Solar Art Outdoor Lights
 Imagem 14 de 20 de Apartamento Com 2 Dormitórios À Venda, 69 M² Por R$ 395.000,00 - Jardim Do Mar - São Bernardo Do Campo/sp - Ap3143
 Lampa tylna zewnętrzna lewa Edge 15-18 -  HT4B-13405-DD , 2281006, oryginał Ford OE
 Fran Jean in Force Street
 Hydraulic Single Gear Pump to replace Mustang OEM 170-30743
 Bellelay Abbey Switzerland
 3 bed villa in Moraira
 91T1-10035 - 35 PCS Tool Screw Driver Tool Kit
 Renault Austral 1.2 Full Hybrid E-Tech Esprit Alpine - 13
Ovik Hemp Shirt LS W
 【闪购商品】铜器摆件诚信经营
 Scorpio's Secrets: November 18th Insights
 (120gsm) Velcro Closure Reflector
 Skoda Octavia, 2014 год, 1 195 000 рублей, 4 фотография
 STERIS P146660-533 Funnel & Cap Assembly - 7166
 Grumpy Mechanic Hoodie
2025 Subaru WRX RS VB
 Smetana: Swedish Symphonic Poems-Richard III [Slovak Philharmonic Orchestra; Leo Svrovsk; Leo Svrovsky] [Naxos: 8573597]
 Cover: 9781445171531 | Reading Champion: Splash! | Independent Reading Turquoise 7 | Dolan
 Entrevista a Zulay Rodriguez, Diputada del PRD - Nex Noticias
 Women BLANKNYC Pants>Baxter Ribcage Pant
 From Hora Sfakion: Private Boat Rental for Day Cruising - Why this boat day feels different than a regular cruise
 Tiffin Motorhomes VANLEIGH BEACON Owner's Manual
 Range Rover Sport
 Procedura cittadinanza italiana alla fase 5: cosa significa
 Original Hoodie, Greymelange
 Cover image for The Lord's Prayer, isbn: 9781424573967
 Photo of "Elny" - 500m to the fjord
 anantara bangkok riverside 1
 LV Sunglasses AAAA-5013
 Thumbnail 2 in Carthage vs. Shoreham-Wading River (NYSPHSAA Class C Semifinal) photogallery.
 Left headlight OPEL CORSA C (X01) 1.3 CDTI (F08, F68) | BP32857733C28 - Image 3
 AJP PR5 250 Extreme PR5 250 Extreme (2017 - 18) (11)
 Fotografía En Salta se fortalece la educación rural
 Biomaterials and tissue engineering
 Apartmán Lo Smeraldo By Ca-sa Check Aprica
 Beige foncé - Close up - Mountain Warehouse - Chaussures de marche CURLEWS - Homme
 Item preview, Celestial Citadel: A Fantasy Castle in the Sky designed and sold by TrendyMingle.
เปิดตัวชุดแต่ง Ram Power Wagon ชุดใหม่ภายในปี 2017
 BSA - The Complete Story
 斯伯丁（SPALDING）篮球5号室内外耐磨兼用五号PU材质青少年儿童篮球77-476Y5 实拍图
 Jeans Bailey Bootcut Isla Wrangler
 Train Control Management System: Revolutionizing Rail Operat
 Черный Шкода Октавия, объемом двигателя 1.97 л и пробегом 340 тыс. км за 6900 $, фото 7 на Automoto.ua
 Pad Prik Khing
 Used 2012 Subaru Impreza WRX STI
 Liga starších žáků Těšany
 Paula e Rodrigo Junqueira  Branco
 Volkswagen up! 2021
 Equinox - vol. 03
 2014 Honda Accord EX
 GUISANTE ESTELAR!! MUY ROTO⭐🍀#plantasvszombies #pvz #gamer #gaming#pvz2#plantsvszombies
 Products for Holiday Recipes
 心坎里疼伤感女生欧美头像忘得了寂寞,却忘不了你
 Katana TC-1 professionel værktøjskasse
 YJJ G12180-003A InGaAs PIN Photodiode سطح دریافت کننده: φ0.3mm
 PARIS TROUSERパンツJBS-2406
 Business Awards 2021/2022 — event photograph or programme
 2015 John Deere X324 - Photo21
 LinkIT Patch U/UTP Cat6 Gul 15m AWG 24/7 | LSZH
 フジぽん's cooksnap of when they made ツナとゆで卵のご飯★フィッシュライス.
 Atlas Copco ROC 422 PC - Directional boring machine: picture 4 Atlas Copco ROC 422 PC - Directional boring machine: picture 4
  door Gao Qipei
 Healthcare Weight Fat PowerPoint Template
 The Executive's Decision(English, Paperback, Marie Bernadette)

= = = =

### Exercise instructions:
The required result is an exact repetition of the lines from the one containing "Jeans Bailey Bootcut Isla Wrangler" through the last line of the data.

### Output for this task:
 Jeans Bailey Bootcut Isla Wrangler
 Train Control Management System: Revolutionizing Rail Operat
 Черный Шкода Октавия, объемом двигателя 1.97 л и пробегом 340 тыс. км за 6900 $, фото 7 на Automoto.ua
 Pad Prik Khing
 Used 2012 Subaru Impreza WRX STI
 Liga starších žáků Těšany
 Paula e Rodrigo Junqueira  Branco
 Volkswagen up! 2021
 Equinox - vol. 03
 2014 Honda Accord EX
 GUISANTE ESTELAR!! MUY ROTO⭐🍀#plantasvszombies #pvz #gamer #gaming#pvz2#plantsvszombies
 Products for Holiday Recipes
 心坎里疼伤感女生欧美头像忘得了寂寞,却忘不了你
 Katana TC-1 professionel værktøjskasse
 YJJ G12180-003A InGaAs PIN Photodiode سطح دریافت کننده: φ0.3mm
 PARIS TROUSERパンツJBS-2406
 Business Awards 2021/2022 — event photograph or programme
 2015 John Deere X324 - Photo21
 LinkIT Patch U/UTP Cat6 Gul 15m AWG 24/7 | LSZH
 フジぽん's cooksnap of when they made ツナとゆで卵のご飯★フィッシュライス.
 Atlas Copco ROC 422 PC - Directional boring machine: picture 4 Atlas Copco ROC 422 PC - Directional boring machine: picture 4
  door Gao Qipei
 Healthcare Weight Fat PowerPoint Template
 The Executive's Decision(English, Paperback, Marie Bernadette)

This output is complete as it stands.